◆ **Task brief**:
Copy the records below exactly, starting at the line that contains "Uto-Aztecan: Comanche, Shoshone, Ute" and ending at the line that contains "Read more about"; leave out any pictures.

───── Source data

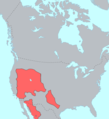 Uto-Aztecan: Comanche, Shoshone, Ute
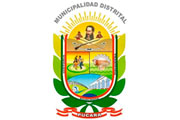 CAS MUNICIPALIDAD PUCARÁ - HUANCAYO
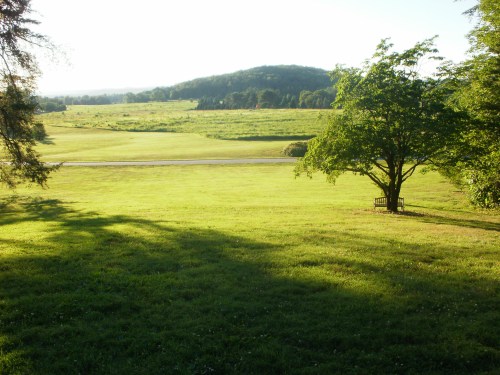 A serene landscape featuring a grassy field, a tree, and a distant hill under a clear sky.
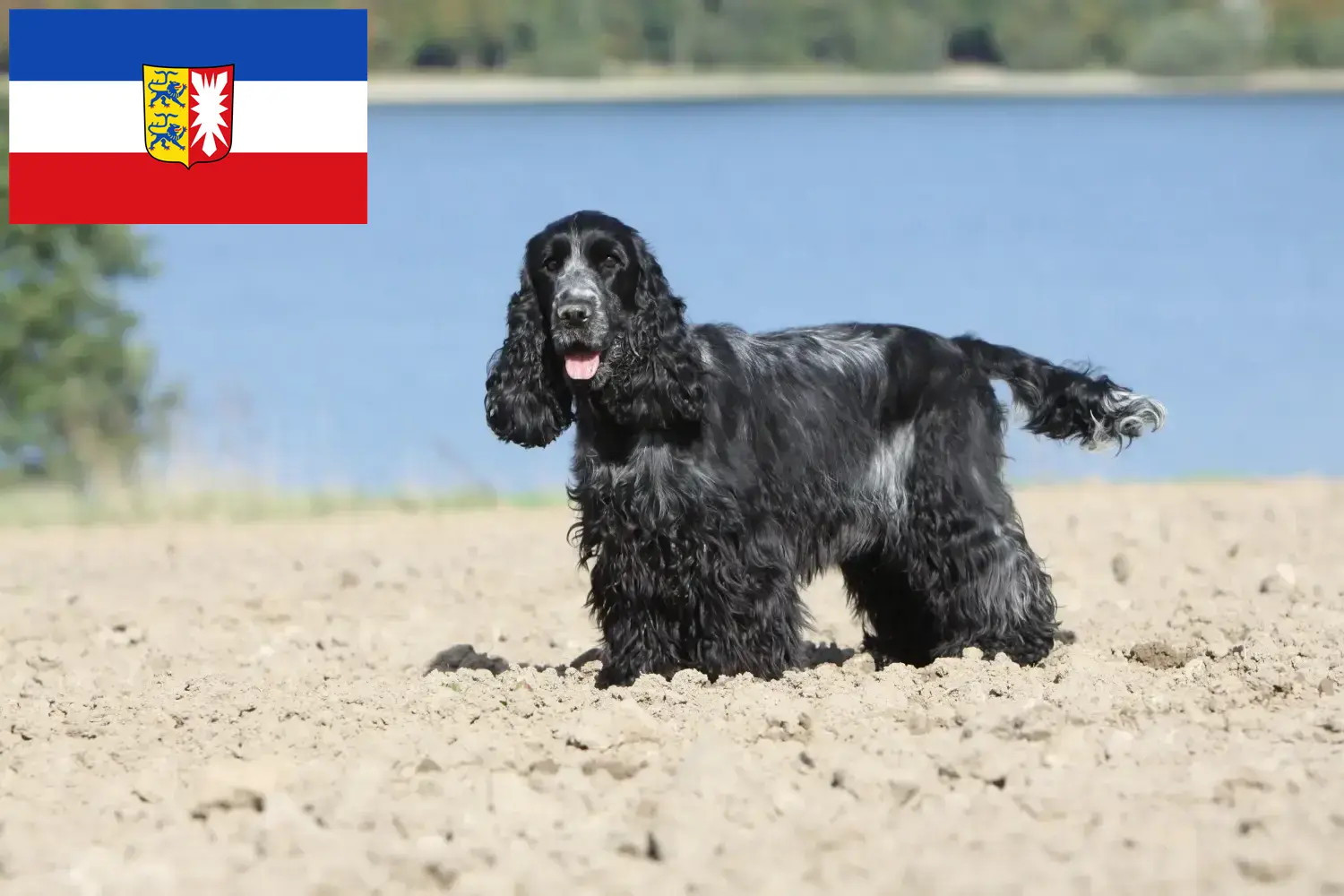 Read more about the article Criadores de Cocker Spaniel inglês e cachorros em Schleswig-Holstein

──────────
───── Source data

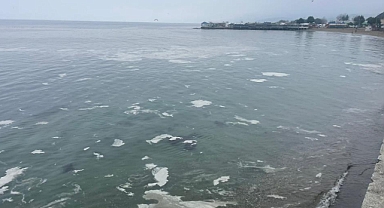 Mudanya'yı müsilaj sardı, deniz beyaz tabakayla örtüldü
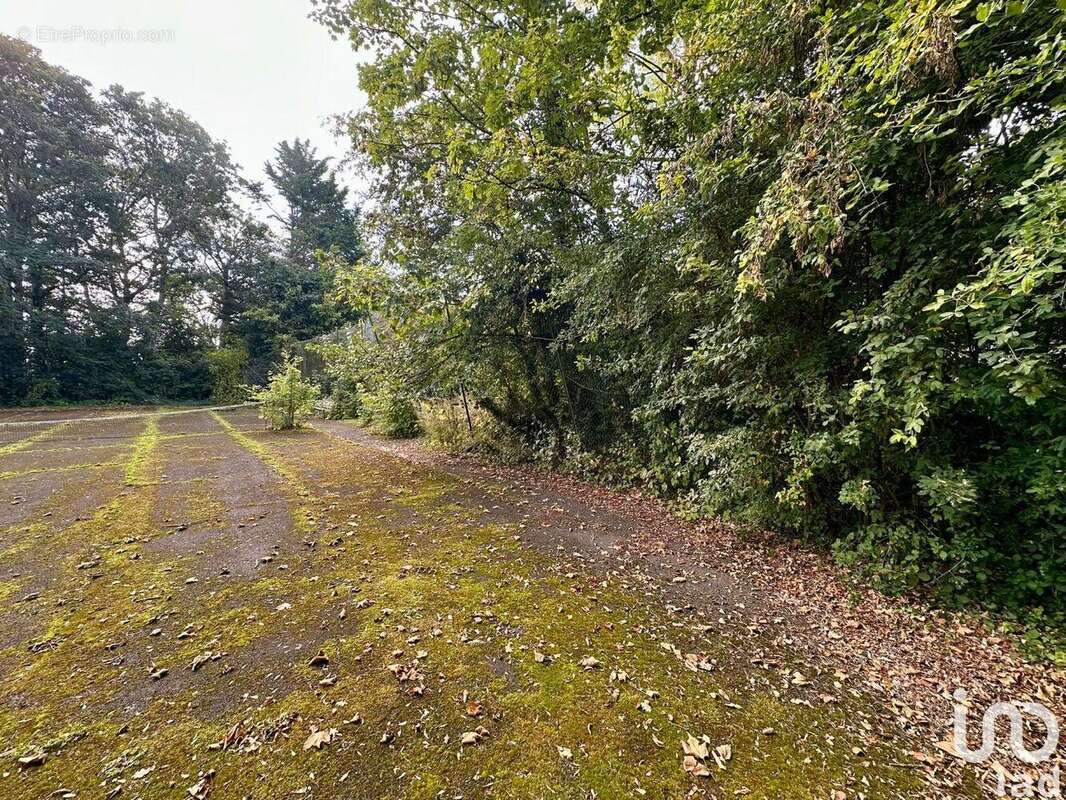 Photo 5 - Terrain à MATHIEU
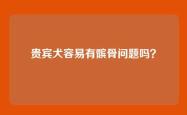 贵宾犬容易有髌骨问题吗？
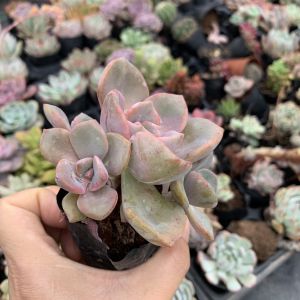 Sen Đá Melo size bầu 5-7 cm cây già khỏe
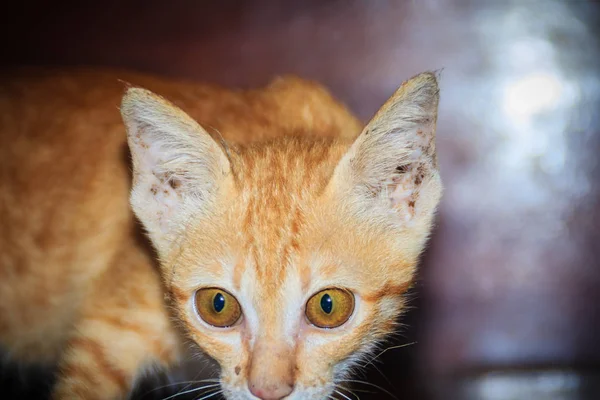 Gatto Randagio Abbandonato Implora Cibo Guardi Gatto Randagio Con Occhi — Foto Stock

──────────
───── Source data

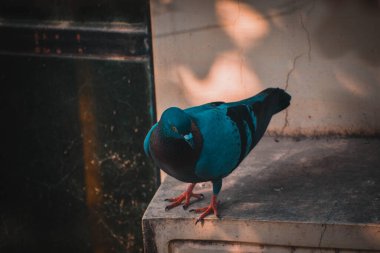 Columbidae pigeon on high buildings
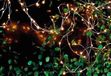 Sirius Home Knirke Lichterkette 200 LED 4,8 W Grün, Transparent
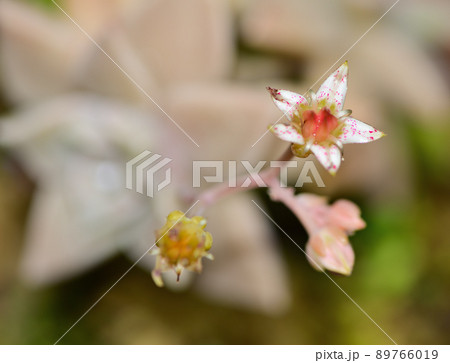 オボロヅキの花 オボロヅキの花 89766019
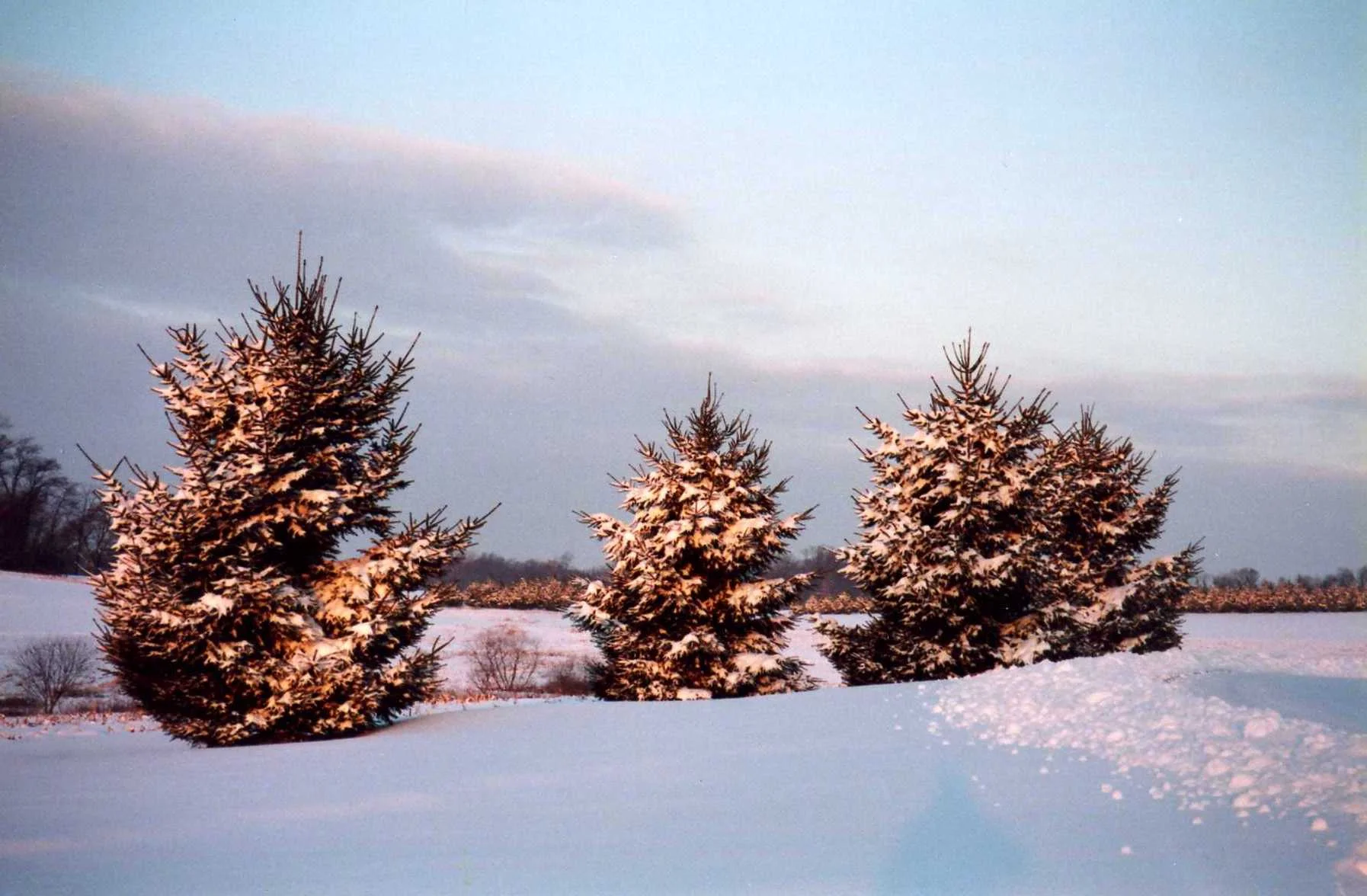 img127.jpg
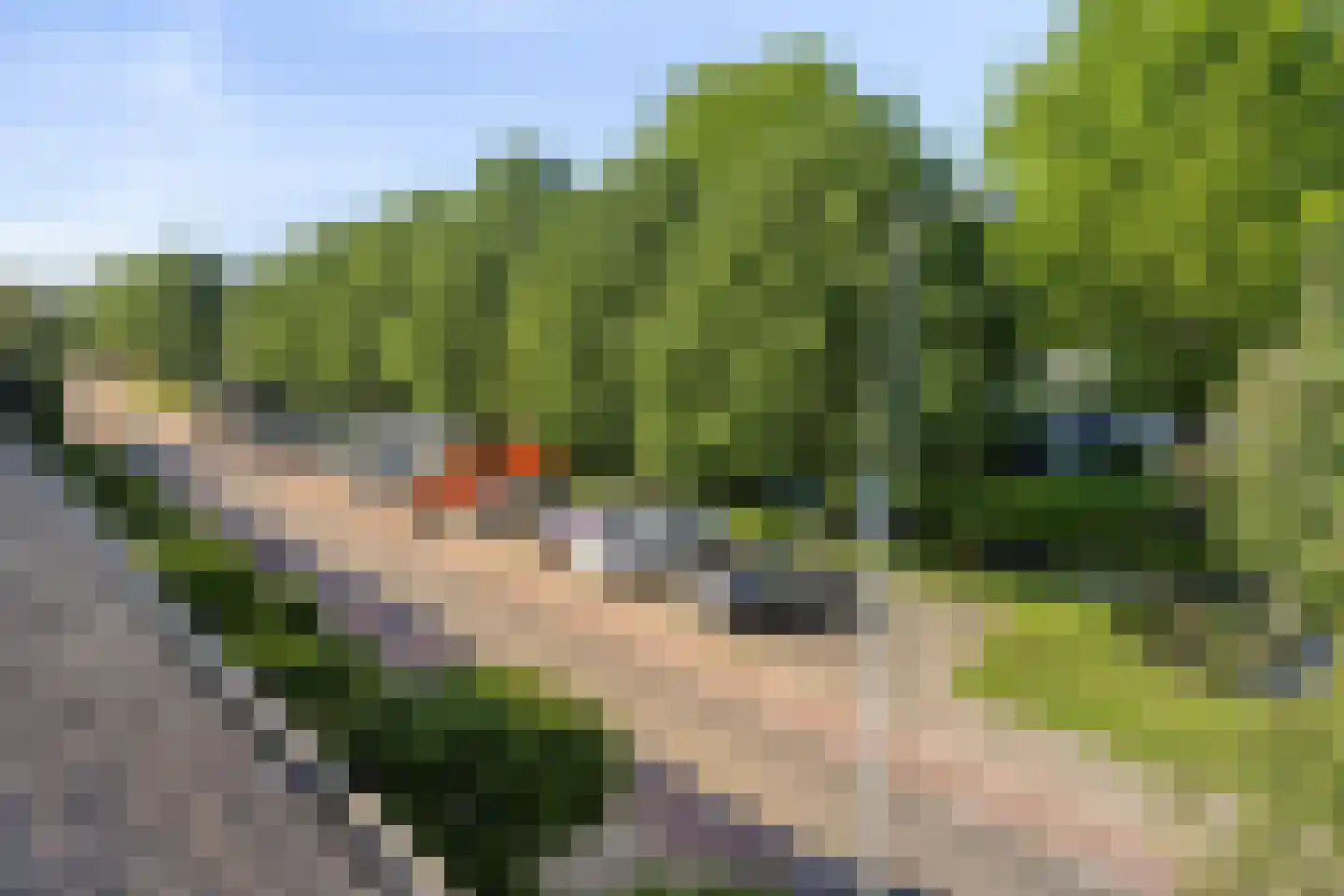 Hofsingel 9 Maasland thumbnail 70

──────────

◆ **Solution to this task**:
 Uto-Aztecan: Comanche, Shoshone, Ute
 CAS MUNICIPALIDAD PUCARÁ - HUANCAYO
 A serene landscape featuring a grassy field, a tree, and a distant hill under a clear sky.
 Read more about the article Criadores de Cocker Spaniel inglês e cachorros em Schleswig-Holstein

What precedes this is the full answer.